++++ Data shown

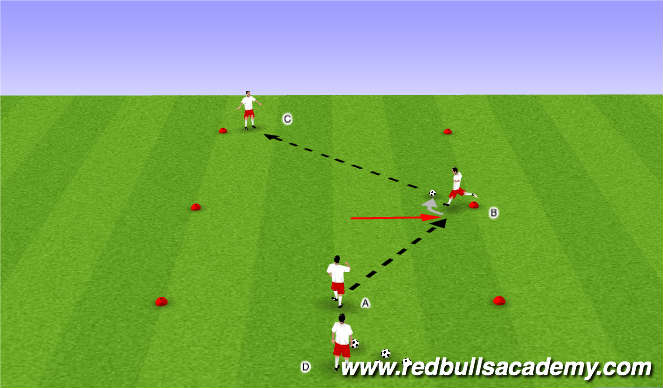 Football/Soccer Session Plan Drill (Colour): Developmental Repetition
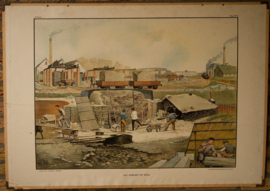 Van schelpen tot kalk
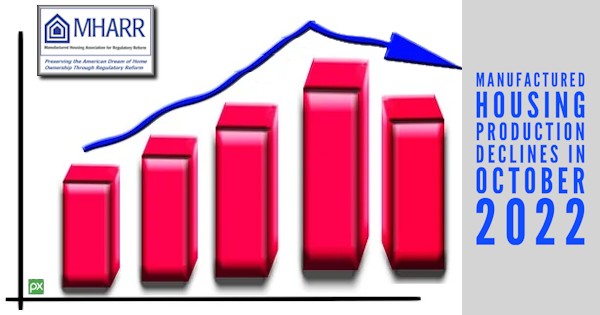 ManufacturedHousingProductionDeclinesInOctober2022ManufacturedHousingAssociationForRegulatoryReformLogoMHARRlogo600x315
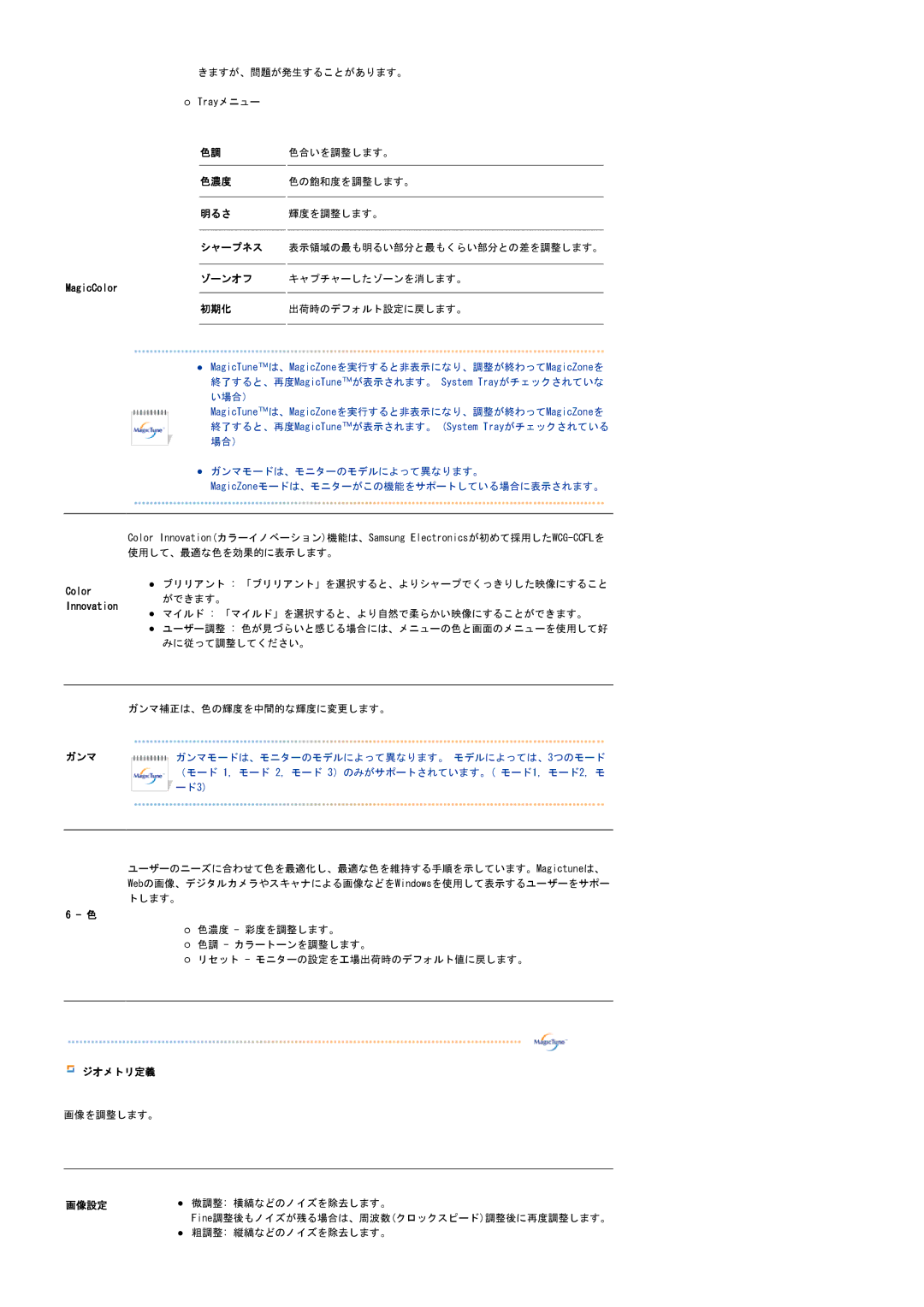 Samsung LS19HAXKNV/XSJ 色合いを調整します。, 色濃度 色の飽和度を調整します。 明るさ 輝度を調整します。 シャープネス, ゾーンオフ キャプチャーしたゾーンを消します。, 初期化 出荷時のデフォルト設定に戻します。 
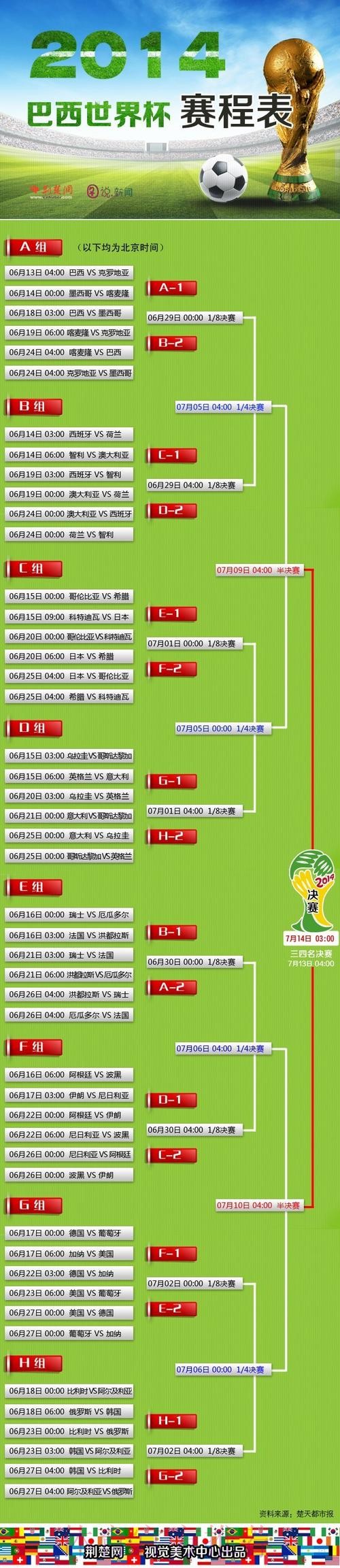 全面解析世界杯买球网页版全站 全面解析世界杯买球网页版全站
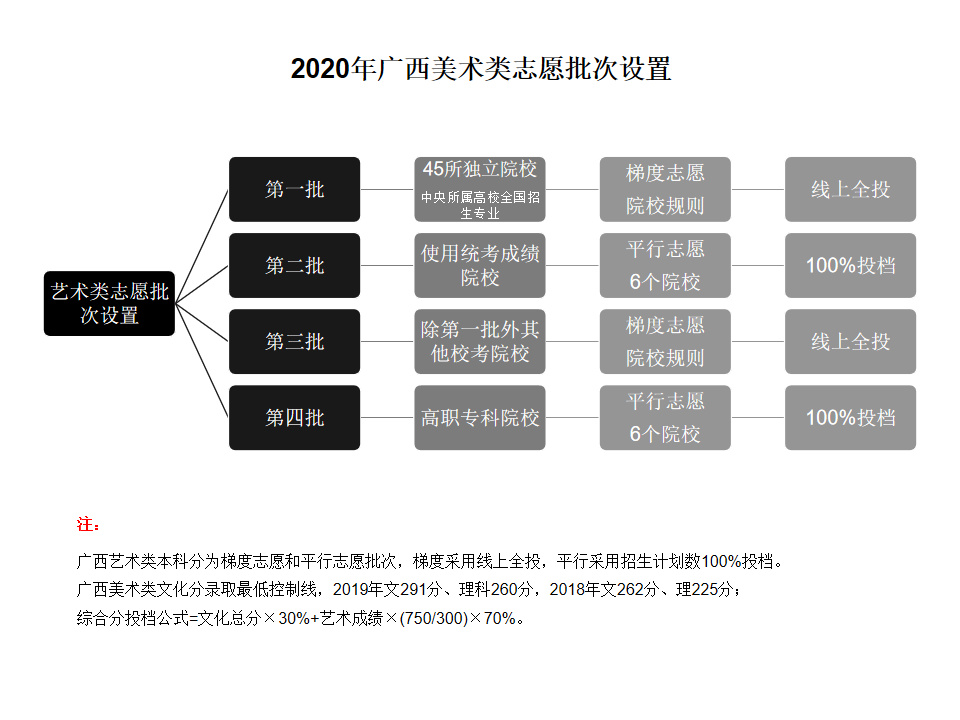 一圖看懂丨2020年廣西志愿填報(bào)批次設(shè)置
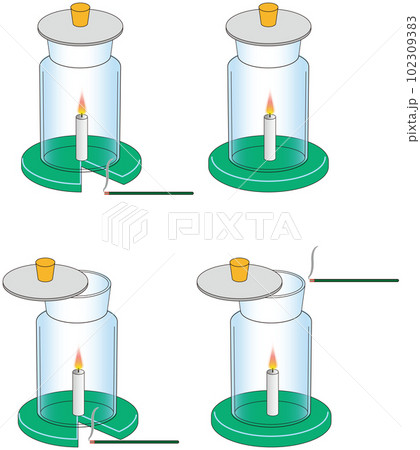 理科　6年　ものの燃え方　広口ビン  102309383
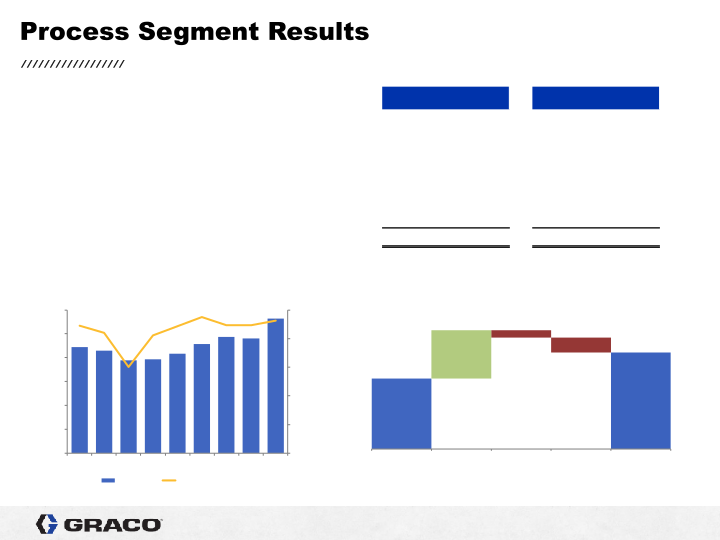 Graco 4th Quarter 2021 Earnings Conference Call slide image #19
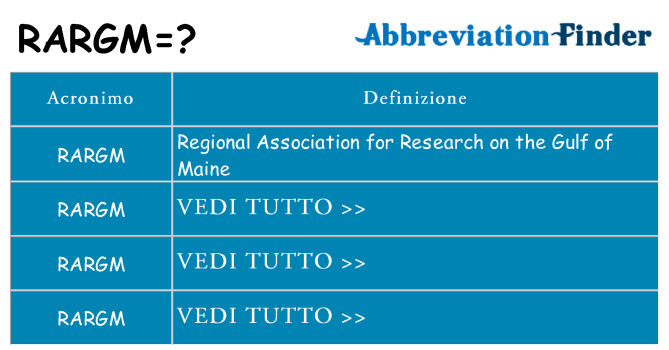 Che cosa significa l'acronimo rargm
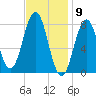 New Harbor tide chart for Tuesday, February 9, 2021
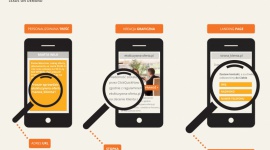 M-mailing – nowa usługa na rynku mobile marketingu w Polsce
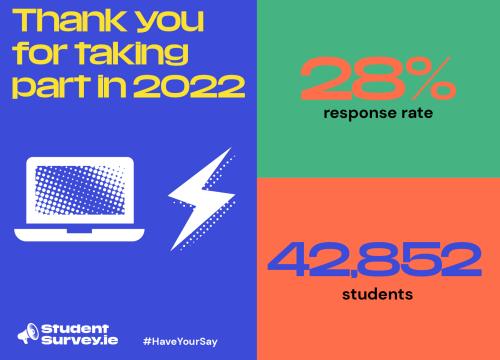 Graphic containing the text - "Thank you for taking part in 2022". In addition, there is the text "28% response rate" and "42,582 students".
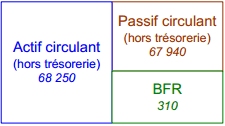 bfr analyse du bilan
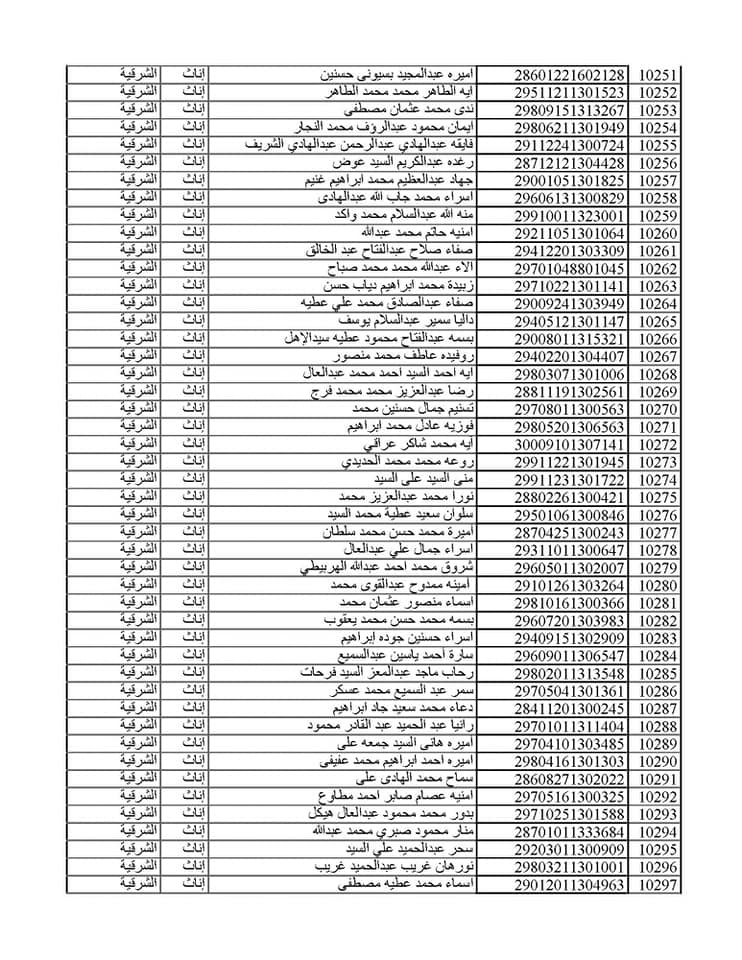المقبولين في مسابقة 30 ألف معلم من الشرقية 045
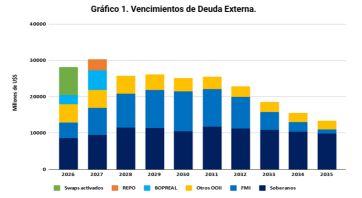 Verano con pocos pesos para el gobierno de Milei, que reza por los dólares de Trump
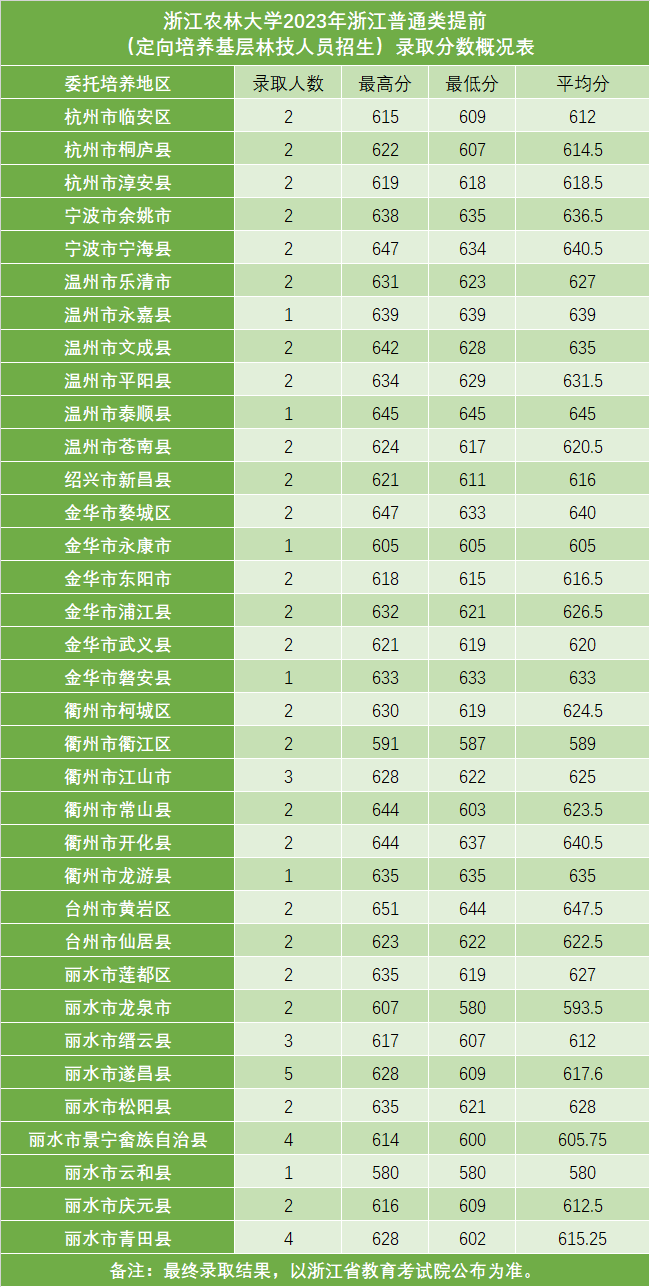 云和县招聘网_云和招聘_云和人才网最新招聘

++++++++

The task: Skip every picture and transcribe the data above exactly.

Answer to this exercise:
 Football/Soccer Session Plan Drill (Colour): Developmental Repetition
 Van schelpen tot kalk
 ManufacturedHousingProductionDeclinesInOctober2022ManufacturedHousingAssociationForRegulatoryReformLogoMHARRlogo600x315
 Samsung LS19HAXKNV/XSJ 色合いを調整します。, 色濃度 色の飽和度を調整します。 明るさ 輝度を調整します。 シャープネス, ゾーンオフ キャプチャーしたゾーンを消します。, 初期化 出荷時のデフォルト設定に戻します。 
 全面解析世界杯买球网页版全站 全面解析世界杯买球网页版全站
 一圖看懂丨2020年廣西志愿填報(bào)批次設(shè)置
 理科　6年　ものの燃え方　広口ビン  102309383
 Graco 4th Quarter 2021 Earnings Conference Call slide image #19
 Che cosa significa l'acronimo rargm
 New Harbor tide chart for Tuesday, February 9, 2021
 M-mailing – nowa usługa na rynku mobile marketingu w Polsce
 Graphic containing the text - "Thank you for taking part in 2022". In addition, there is the text "28% response rate" and "42,582 students".
 bfr analyse du bilan
المقبولين في مسابقة 30 ألف معلم من الشرقية 045
 Verano con pocos pesos para el gobierno de Milei, que reza por los dólares de Trump
 云和县招聘网_云和招聘_云和人才网最新招聘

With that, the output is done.